→ Exercise requirements
Nothing but the lines from the one holding "Rocks on beach against sky" to the final line of the listing below, both included, should be repeated, and each must match exactly. Omit pictures.

→ Material provided
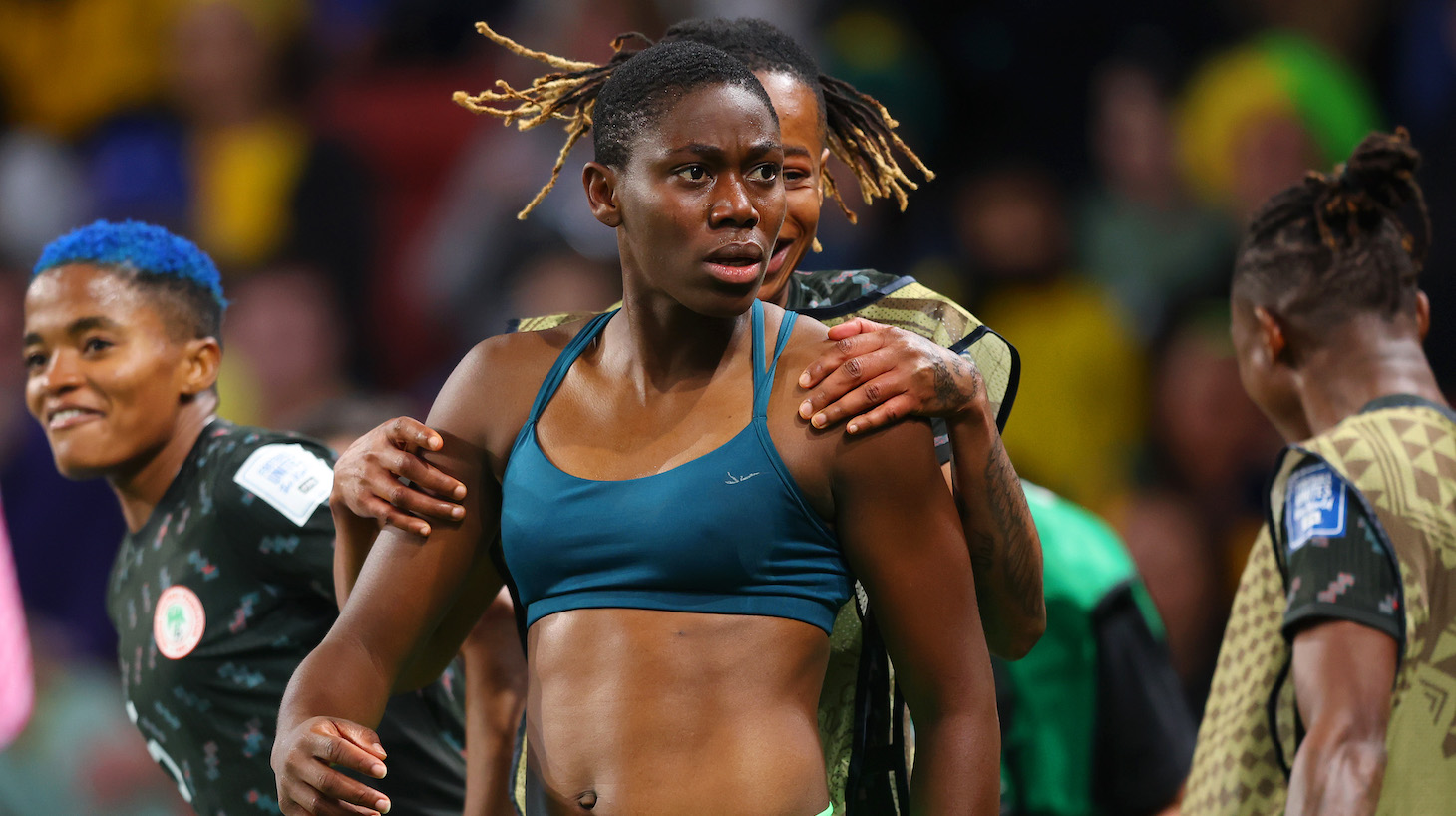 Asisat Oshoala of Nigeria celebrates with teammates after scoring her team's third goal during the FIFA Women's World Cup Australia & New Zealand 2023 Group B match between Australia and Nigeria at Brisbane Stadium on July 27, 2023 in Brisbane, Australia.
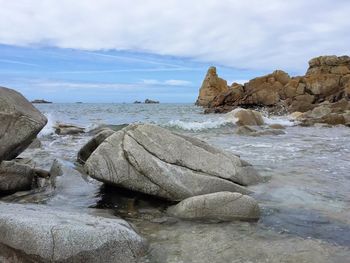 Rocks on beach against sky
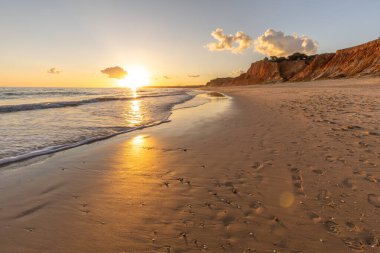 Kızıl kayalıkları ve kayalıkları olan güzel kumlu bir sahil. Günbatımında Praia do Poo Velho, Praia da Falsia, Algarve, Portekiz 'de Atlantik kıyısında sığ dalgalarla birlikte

→ Answer section
 Rocks on beach against sky
 Kızıl kayalıkları ve kayalıkları olan güzel kumlu bir sahil. Günbatımında Praia do Poo Velho, Praia da Falsia, Algarve, Portekiz 'de Atlantik kıyısında sığ dalgalarla birlikte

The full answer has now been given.